Rav Hamou accomplissait toutes les Mitsvot (commandements) avec un zèle indescriptible. Je l’ai vu de mes propres yeux, à plus de 70 ans et déjà fatigué, dormir dans la Soucca toute la semaine de Souccot, assis par terre à Ticha' Béav, je l’ai vu cette année, comme un lion, faire tout le Tikoun mot à mot à Hocha'ana Rabba (avec les Seli'hot entre chaque livre). Ces images ne pourront jamais quitter ma mémoire. Il organisait des Tikoun Karèt, des Ta'anit Dibour (jeûne de la parole), des journées de 'Hizouk (renforcement) pour hommes et femmes et des cours à n’en plus finir. Il n’était presque plus un homme. Il était une 'Hatikha Déoraïta (un morceau de Torah). Comme il le disait souvent et l’a d’ailleurs dit et chanté à Sim'hat Torah : « Ana Avda Dékoudcha Bérikh Hou » : nous sommes les esclaves d’Hachem. Le service divin n’est pas un choix, mais une réalité qui s’impose. Quel niveau…

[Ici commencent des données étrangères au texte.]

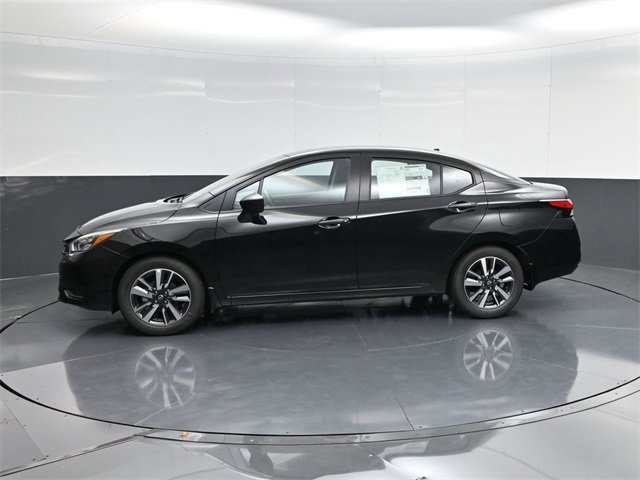 Used 2025 Nissan Versa S w/ S Plus Package image 6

Il était attaché à tous les Minhagim (us et coutumes) marocains, à toute la Massorèt (tradition). Il continuait des anciens Minhagim que plus personne ne connaît aujourd’hui (je pense notamment à l’air spécial de Kriat Hatorah (lecture de la Torah) que font les juifs de Fès le jour de Pessa'h…). Il faisait toutes les Kinot Ktanot (petites élégies, moins connues et plus souvent omises) à Ticha' Béav, il ne lésinait sur rien, mais avec tellement d’amour, tellement de joie…

Je terminerai avec un point qui est le plus important et sûrement le plus révélateur : la Téfila (prière). Nos Sages qualifient la Tefila de « Dvarim Béroumo Chel 'Olam » (des choses qui se tiennent au pinacle du monde). Celui qui n’a pas vu Rav Hamou prier a raté quelque chose dans sa vie. Je pèse mes mots. Ses prosternations dans la 'Amida (prière particulière à voix basse), ses tremblements dans la Tefila, et ses larmes…

Quelles larmes… Il pleurait comme un enfant. A ce sujet, Rabbi Na'hman de Breslev a dit que le but ultime est de pouvoir prier comme un enfant… Il pleurait lorsqu’on lisait le Don de la Torah dans la Torah, lorsqu’on lisait des Psoukim (versets) comme la Petira (décès) de Moché Rabénou, il pleurait lorsque Mordékhaï prenait le deuil, il pleurait de joie lorsque le passage était gai, il pleurait tellement à Ticha' Béav, à Yom Kippour… Les larmes, on ne les commande pas. Elles sortaient du plus profond de son être.

Rav, je ne vous ai pas vu depuis Ben Hazmanim précédent. Je vous demande pardon Rav, je vous aime de tout mon cœur. Vous allez me manquer, je ne sais pas ce que la Kéhila va devenir. Je me console en me disant qu’en haut, votre Tefila va sûrement hâter la Gueoula (délivrance).

La dernière fois que je vous ai parlé, je vous ai appelé pour une question à 'Hanouka. Quand j’ai décroché, vous m’avez immédiatement dit quelque chose qui m’a beaucoup surpris, mais que maintenant je comprends. Vous m’avez dit : « Désolé, je ne t’ai pas dit au revoir avant que tu retournes à la Yéchiva… ».